The answer is the data repeated in full, with no pictures included.

* _Dataset excerpt_
·····

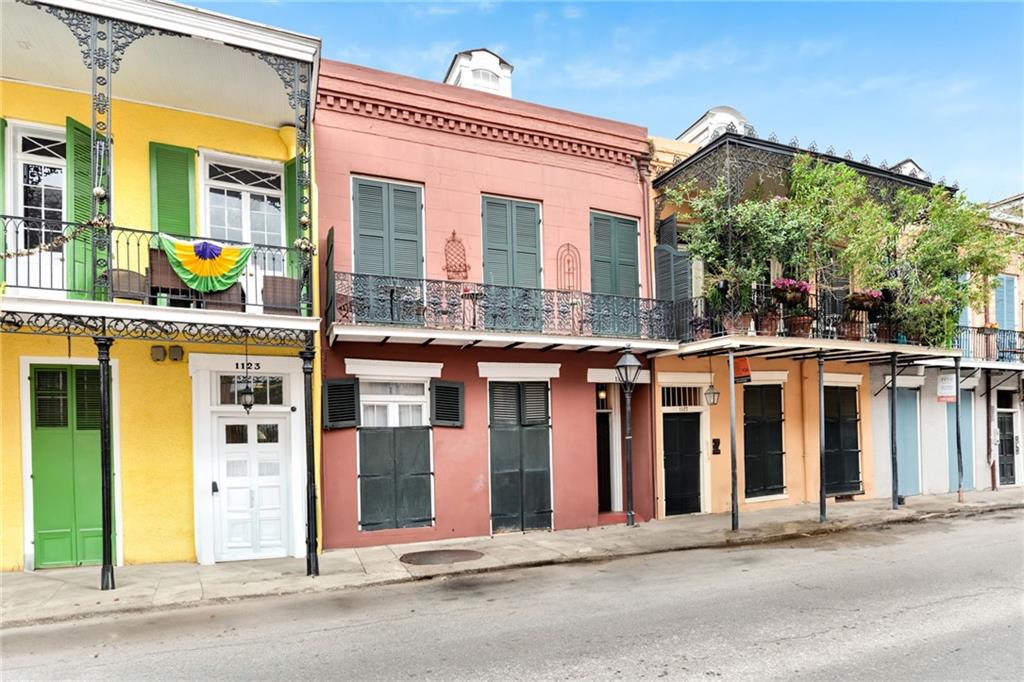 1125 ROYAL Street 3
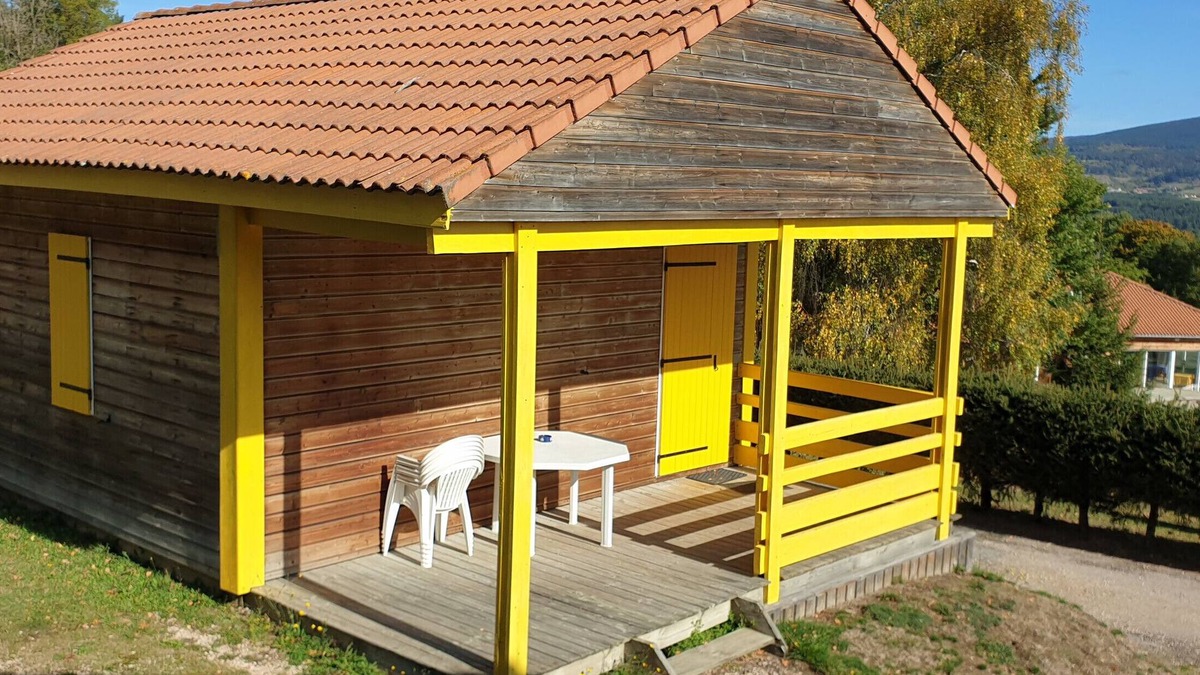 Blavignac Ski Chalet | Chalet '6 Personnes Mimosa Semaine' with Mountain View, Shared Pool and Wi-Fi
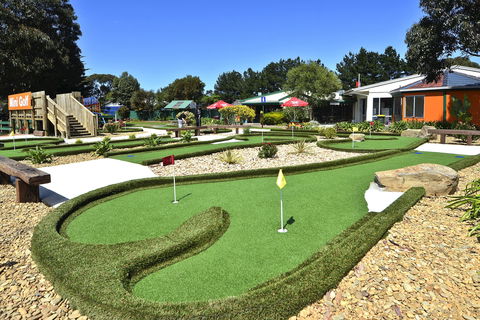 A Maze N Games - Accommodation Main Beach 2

·····

* _Response_
 1125 ROYAL Street 3
 Blavignac Ski Chalet | Chalet '6 Personnes Mimosa Semaine' with Mountain View, Shared Pool and Wi-Fi
 A Maze N Games - Accommodation Main Beach 2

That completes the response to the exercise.